In this paper an analysis/synthesis technique based on a sinusoidal representation was presented that has proven to be very appropriate for signals which are well characterized as a sum of inharmonic sinusoids with slowly varying amplitudes and frequencies. The previously used harmonic vocoder techniques have been relatively unwieldy in the inharmonic case, and less robust even in the harmonic case. PARSHL obtains the sinusoidal representation of the input sound by tracking the amplitude, frequency, and phase of the most prominent peaks in a series of spectra computed using the Fast Fourier Transform of successive, overlapping, windowed data frames, taken over the duration of a sound. We have mentioned some of the musical applications of this sinusoidal representation.

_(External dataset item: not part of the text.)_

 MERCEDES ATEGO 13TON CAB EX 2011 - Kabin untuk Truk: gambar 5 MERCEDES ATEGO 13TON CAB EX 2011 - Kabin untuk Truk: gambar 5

Continuing the work with this analysis/synthesis technique we are implementing PARSHL on a Lisp Machine with an attached FPS AP120B array processor. We plan to study further its sound transformation possibilities and the use of PARSHL in conjunction with other analysis/synthesis techniques such as Linear Predictive Coding (LPC) .
The basic ``FFT processor'' at the heart of PARSHL provides a ready point of departure for many other STFT applications such as FIR filtering, speech coding, noise reduction, adaptive equalization, cross-synthesis, and many more. The basic parameter trade-offs discussed in this paper are universal across all of these applications.

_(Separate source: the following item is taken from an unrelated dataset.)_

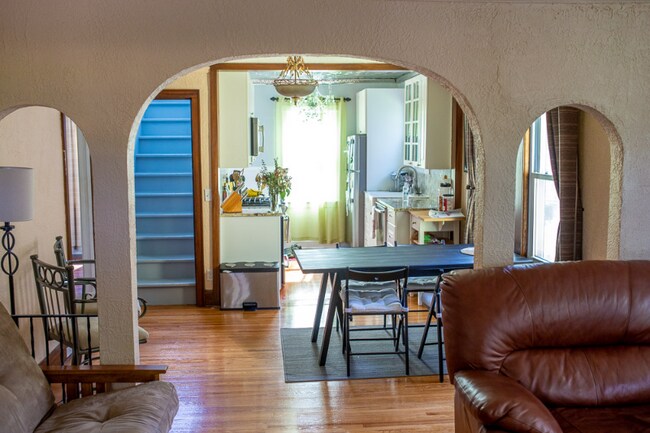 Foto del edificio - 4209 Xerxes Ave S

Although PARSHL was designed to analyze piano recordings, it has proven very successful in extracting additive synthesis parameters for radically inharmonic sounds. It provides interesting effects when made to extract peak trajectories in signals which are not describable as sums of sinusoids (such as noise or ocean recordings). PARSHL has even demonstrated that speech can be intelligible after reducing it to only the three strongest sinusoidal components.
The surprising success of additive synthesis from spectral peaks suggests a close connection with audio perception. Perhaps timbre perception is based on data reduction in the brain similar to that carried out by PARSHL. This data reduction goes beyond what is provided by critical-band masking. Perhaps a higher-level theory of ``timbral masking'' or ``main feature dominance'' is appropriate, wherein the principal spectral features serve to define the timbre, masking lower-level (though unmasked) structure. The lower-level features would have to be restricted to qualitatively similar behavior in order that they be ``implied'' by the louder features. Another point of view is that the spectral peaks are analogous to the outlines of figures in a picture--they capture enough of the perceptual cues to trigger the proper percept; memory itself may then serve to fill in the implied spectral features (at least for a time).
Techniques such as PARSHL provide a powerful analysis tool toward extracting signal parameters matched to the characteristics of hearing. Such an approach is perhaps the best single way to obtain cost-effective, analysis-based synthesis of any sound.